Rees E D, Shuck A E, Lowry J Q, Smith T M, Lipscomb H
J Environ Pathol Toxicol. 1979 Jul-Aug;2(6):1475-85.
Scored at 24 hours, the LD-50 of a solution of beta-propiolactone administered intravenously to young rats was 225 +/- 55 mg/kg. Twenty-four hours after a single intravenous injection (100 mg/kg = 1.4 m mole/kg) of beta-propiolactone into male and female rats of both the Long-Evans and Sprague-Dawley strains, the incidence of breaks found in the chromosomes of metaphase marrow cells was low (8.8 percent vs. 5.0 percent in controls). The s5 chromosomes were preferentially damaged. A 200 mg/kg dose increased the incidence modestly to 11.3 percent. In comparison, a single intravenous dose of benzo(a)pyrene (40 mg/kg = 0.16 m mole/kg) produced a break incidence of 19 percent. In long-term experiments multiple (five) intravenous injections (100 mg/kg each) of beta-propiolactone given in a 6 week period elicited only two neoplasms (a chloro-leukemia and a mammary fibroadenoma) among 37 animals during the following 12-13 months. In contrast, four injections of benzo(a)pyrene (40 mg/kg) produced a 14-times greater mammary tumor incidence in the Sprague-Dawley female rat than did beta-propiolactone.

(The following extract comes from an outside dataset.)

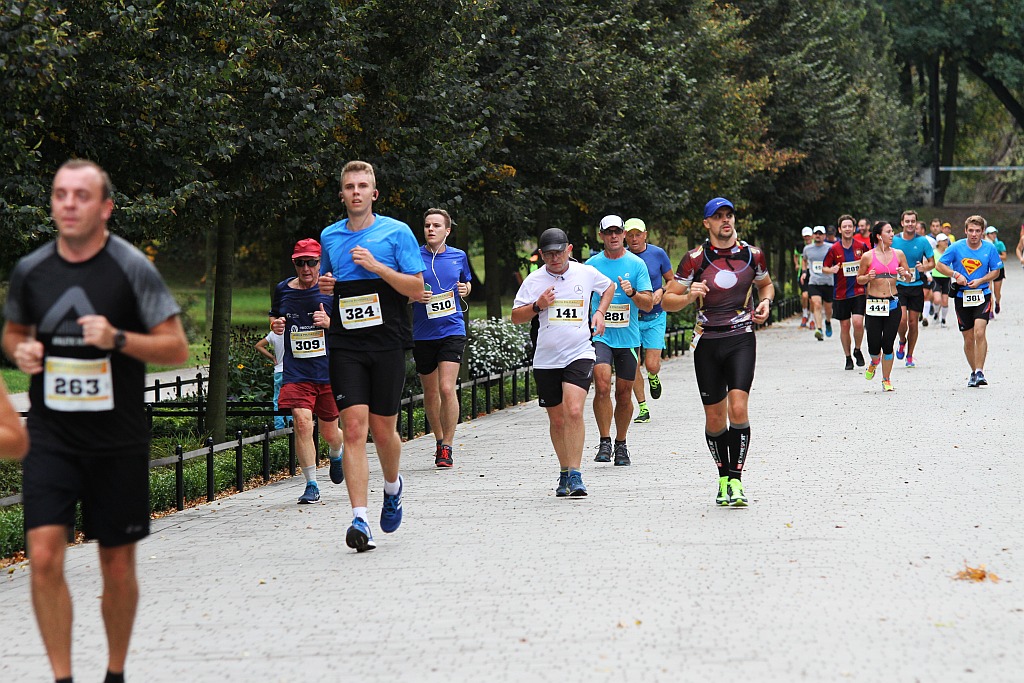 Ponad 400 biegaczy wystartowało w Legnickim Półmaratonie (1)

Marrow cell chromosome examination indicated no significant chromosomal changes due to the earlier beta-propiolactone treatment except for one animal with a consistent 43-chromosome karyotype resulting from S1 trisomy; no neoplasm was evident in that animal. Earlier treatment with benzo(a)pyrene produced a persistent and significant elevation in break incidence. Both the carcinogenic and clastogenic effects of intravenous beta-propiolactone are low in rats and are not comparable in magnitude to those produced by benzo(a)pyrene.

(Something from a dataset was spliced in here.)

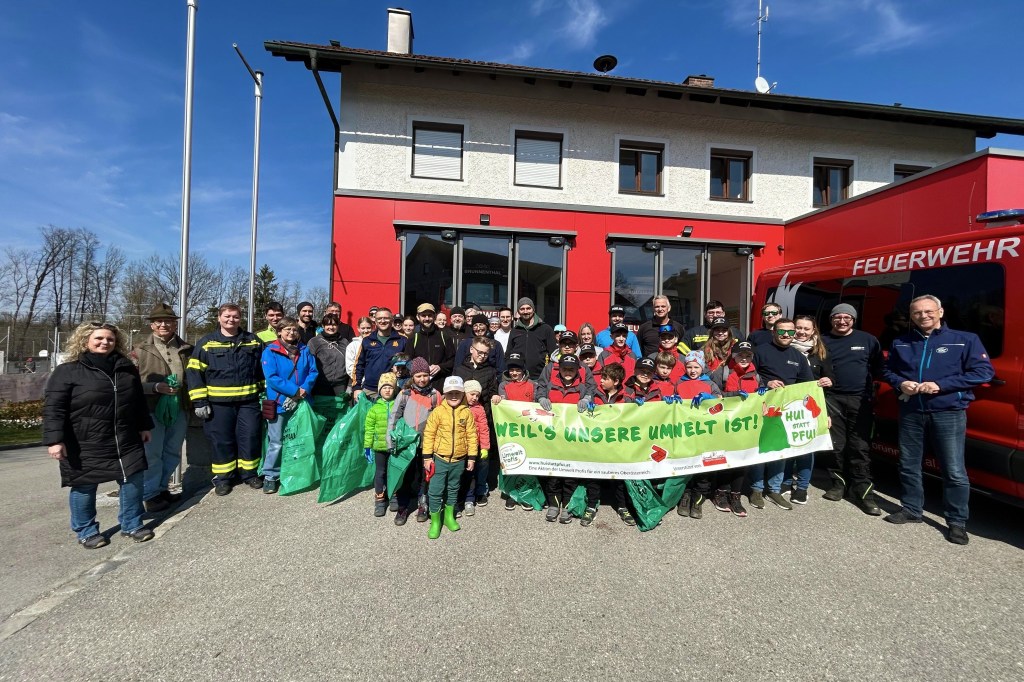 Foto aller Beteiligten an der Aktion vor dem Feuerwehrgebäude in Brunnenthal.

在24小时时进行评分,静脉注射给幼鼠的β-丙内酯溶液的半数致死量为225±55毫克/千克。在对长-伊文斯和斯普拉格-道利两种品系的雄性和雌性大鼠单次静脉注射(100毫克/千克 = 1.4毫摩尔/千克)β-丙内酯24小时后,中期骨髓细胞染色体中发现的断裂发生率较低(8.8%,而对照组为5.0%)。s5染色体优先受损。200毫克/千克的剂量使发生率适度增加至11.3%。相比之下,单次静脉注射苯并(a)芘(40毫克/千克 = 0.16毫摩尔/千克)产生的断裂发生率为19%。在长期实验中,在6周内多次(五次)静脉注射(每次100毫克/千克)β-丙内酯,在接下来的12 - 13个月中,37只动物中仅引发了两个肿瘤(一个氯白血病和一个乳腺纤维腺瘤)。相比之下,四次注射苯并(a)芘(40毫克/千克)在斯普拉格-道利雌性大鼠中产生的乳腺肿瘤发生率比β-丙内酯高14倍。骨髓细胞染色体检查表明,除了一只动物因S1三体导致一致的43条染色体核型外,早期β-丙内酯处理未导致明显的染色体变化;该动物未出现肿瘤。早期用苯并(a)芘处理导致断裂发生率持续且显著升高。静脉注射β-丙内酯在大鼠中的致癌和致断裂作用均较低,其程度与苯并(a)芘产生的作用不可比。